= War Widows' Guild of Australia NSW =

The War Widows' Guild of Australia NSW Ltd is a not for profit membership-based organization whose mission is to promote and protect the interests of war widows in New South Wales. Established by women and for women in June 1946 the Guild has fought over the years to improve the financial and social circumstances of members.

After years operating as an incorporated association, the New South Wales Guild became a public company limited by guarantee in 1998. It is a public benevolent institution with deductible gift recipient status.

== History ==
Jessie Vasey established the War Widows' Guild of Australia in Victoria in 1945 to bring war widows together to support each other and to speak with one voice to improve their circumstances.

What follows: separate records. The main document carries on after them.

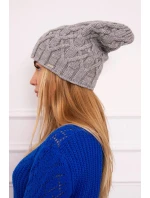 Fleecová čepice Sonia K201 šedá Fleecová čepice Sonia K201 šedá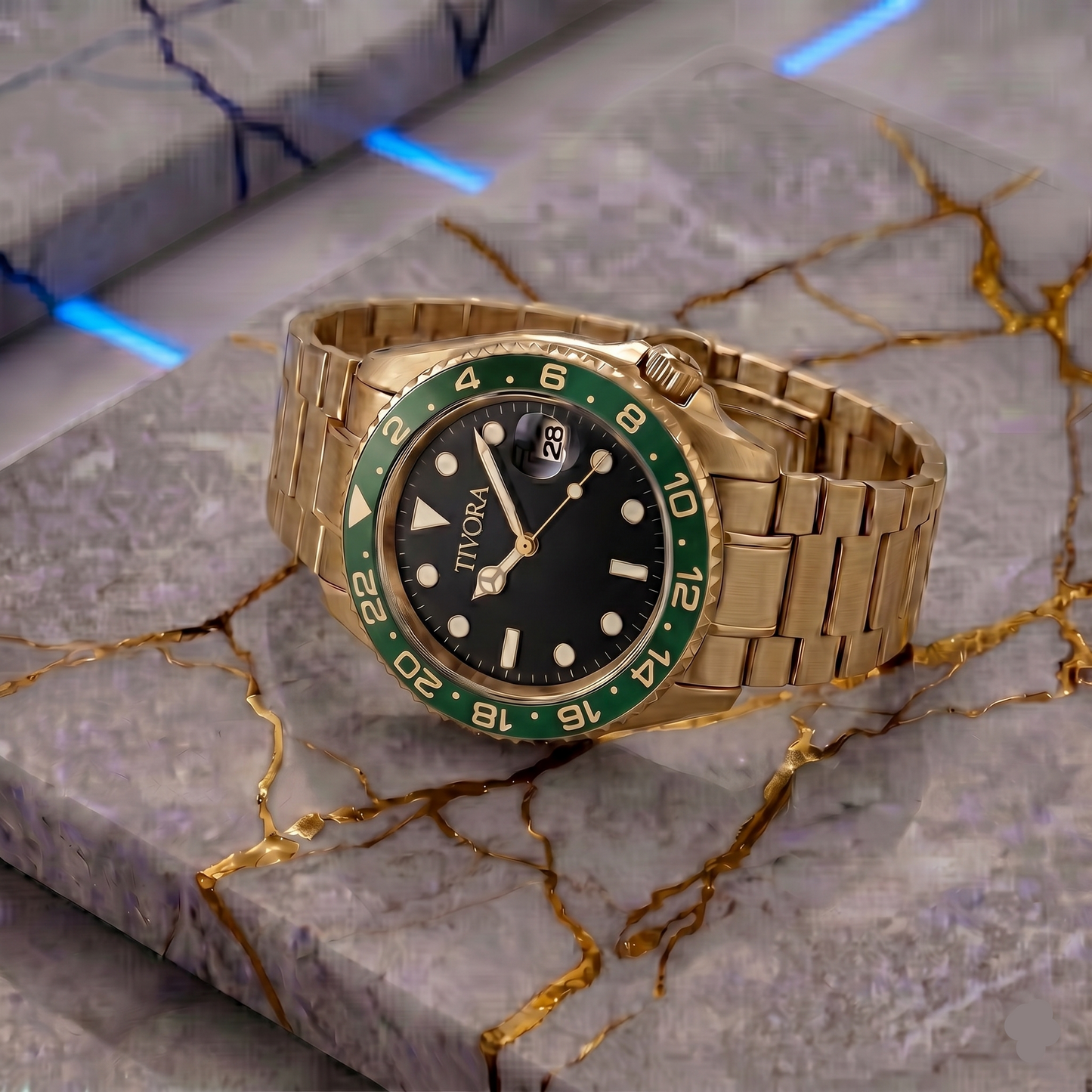 Meridian Aurelius Steel Emerald Dial
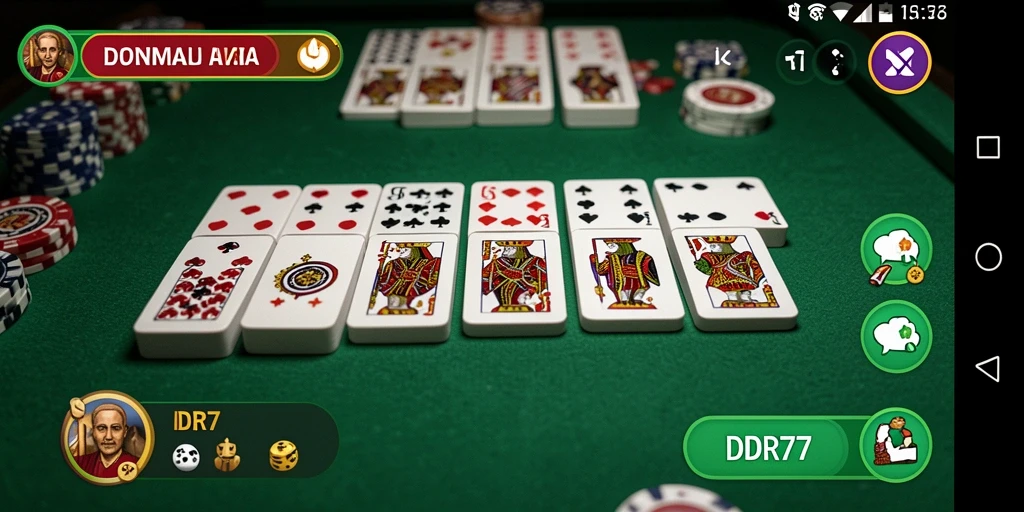 Tampilan gameplay Domino di IDR77 yang mengasyikkan.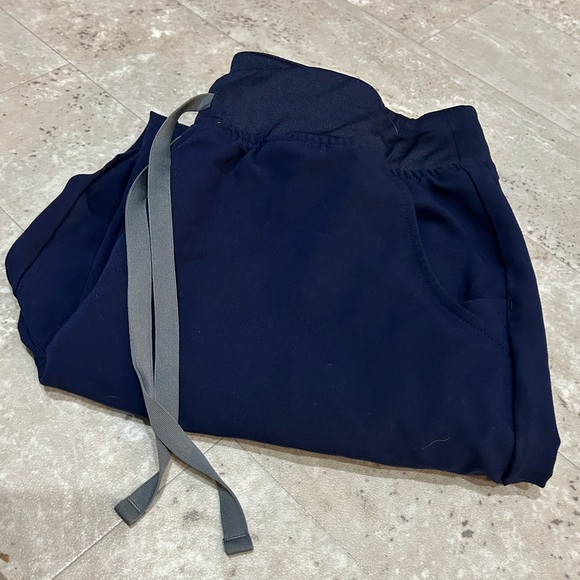 FIGS Zamora High Waisted Jogger Women’s Scrub Pants-Size Large-Navy Blue - Picture 4 of 5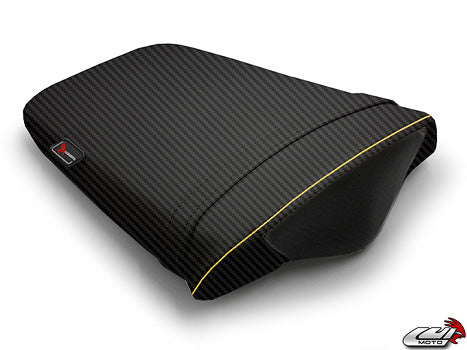 LuiMoto Sport Seat Covers '06-'12 Triumph Daytona 675/R - CF Black/Gold - Motostarz USA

Within two years the organisation had spread across Australia, with the Guild being established in New South Wales in 1946. Guild clubs were established to support war widows across Sydney and New South Wales. Secretaries, including Una Boyce, who was State Secretary of the Guild from 1961 to 1989, succeeded in achieving a range of concessions and benefits for war widows. Since its inception, the Guild has continued to advocate on behalf of war widows and offers friendship and services to its members.

== Motto ==
The Guild's motto is an extract from King George VI's Christmas message of 1941 and was adopted by the national Guild in 1949 at its third annual conference. The extract was considered a suitable expression of their ideals:

"We all belong to each other. We all need each other. It is in serving each other and in sacrificing for our common good that we are finding our true life."

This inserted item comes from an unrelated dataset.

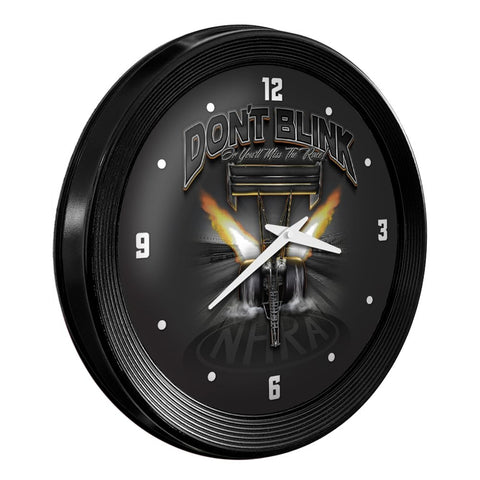 NHRA: Don't Blink - Ribbed Frame Wall Clock - The Fan-Brand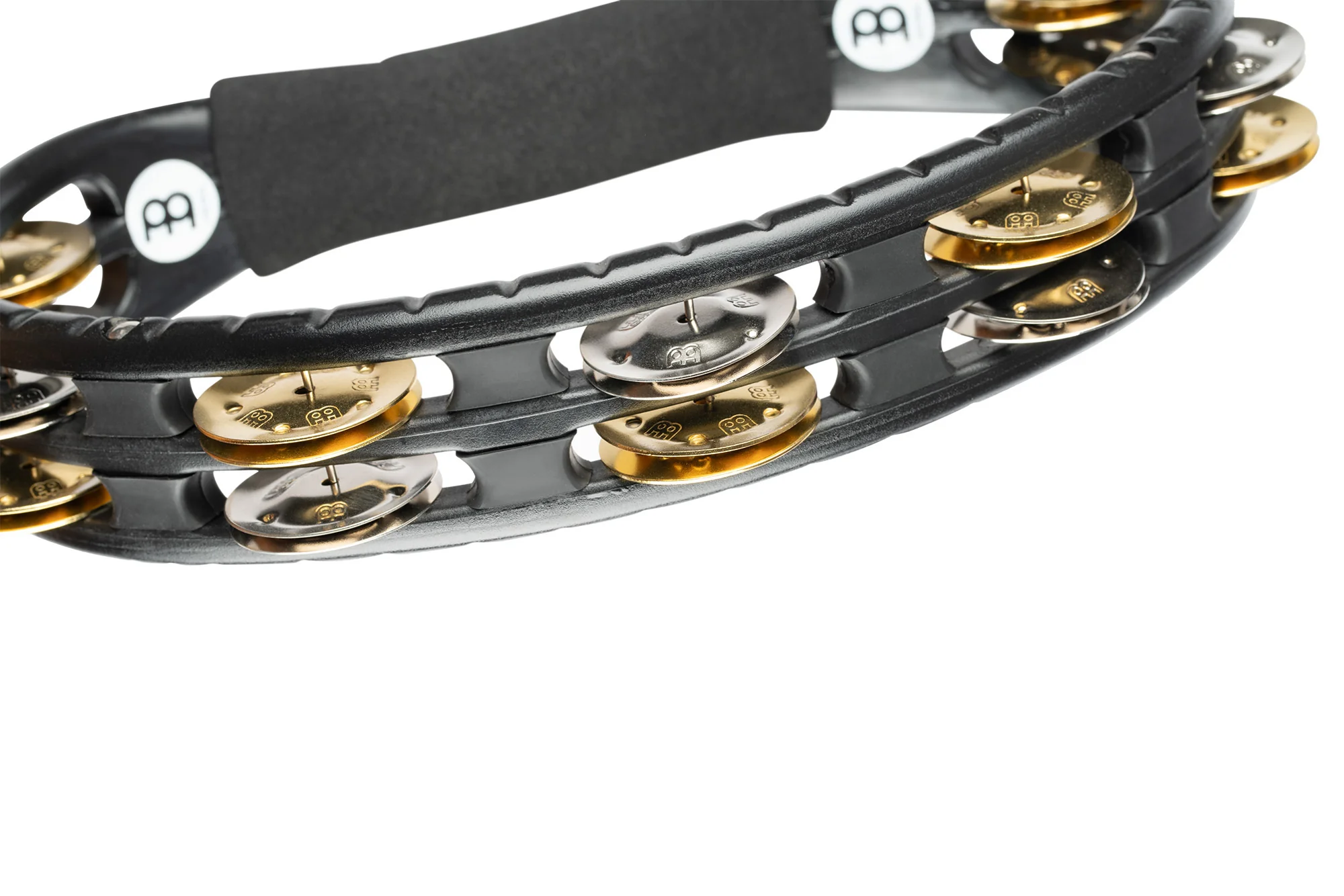 Meinl TMT1MBK ABS Half-Moon Tambourine, Black - Image 5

== War Widows' Badge and Logo ==
The Guild's founder, Jessie Vasey, was the originator of the idea for the design of the Guild's badge. It features the kookaburra, an industrious and cheerful bird who mates for life and is fearless and aggressive in the defence of its young and the area of territory it regards as its own. The bird also has a unique call, not a song but a laugh; a chortle of rollicking mirth (to bring the widows back to laughter). Also the kookaburra is a typically and completely Australian symbol, one that could be worn proudly by every widow whatever her creed or ideals. The kookaburra was also the mascot of the 7th Division, commanded by Vasey's husband, Major-General George Alan Vasey.

Vasey asked the Hungarian sculptor, Andor Mészáros, who was living in Melbourne, to design a badge featuring this Australian bird. The badge was made of sterling silver in England, and depicted a kookaburra alighting onto a branch of gum leaves. Sometime later, as membership increased, smaller badges were made out of base metal as the price of sterling silver had become prohibitive. The Guild has adopted the kookaburra badge design as its logo.

== Milestone ==
To mark the Guild's 60th Anniversary in 2006, the New South Wales Guild commissioned their own history. No Peacetime Cinderellas, written by historian Roslyn Burge, tells the story of the Guild since its establishment in New South Wales. The book was launched in October 2008 by the Guild's Patron, Her Excellency Marie Bashir, Governor of New South Wales.

== Membership ==
Membership in New South Wales is open to women defined as war widows in the Veterans' Entitlements Act 1986 who have not remarried, to widows and dependants covered by subsequent legislation, and also to eligible war widows from allied countries. In 2011 there were about 9,500 members around NSW.

== Services ==
The Guild advocates for war widows to the Commonwealth, NSW and local governments and to other organizations. The New South Wales Guild built 13 blocks of self-care units at nine locations between 1953 and 1988, and continues to provide low cost self care housing to war widows. The Guild also provides information, advice and help to its members. The Guild has over 100 Guild and Social Clubs based in Sydney and in regional New South Wales.

== Magazine ==
Communications with members are important for the Guild and in 1948 it commenced publishing the News Sheet. In 1957 the name of the magazine, published quarterly, was changed to Guild Digest. The publication is registered as a serial title with the National Library of Australia.

== Major events ==
Four major events are held each year: the ANZAC Field of Remembrance, the Annual General Meeting, the War Widows' Walk and Picnic, and the members' Christmas Party.

== War Widows' Guilds in Australia ==
The War Widows' Guild of Australia NSW Ltd is part of an Australia-wide network of state based Guilds in Queensland, Victoria, Tasmania, South Australia, Western Australia and the Australian Capital Territory. Each State Guild is a member of the national organisation, War Widows' Guild of Australia Inc.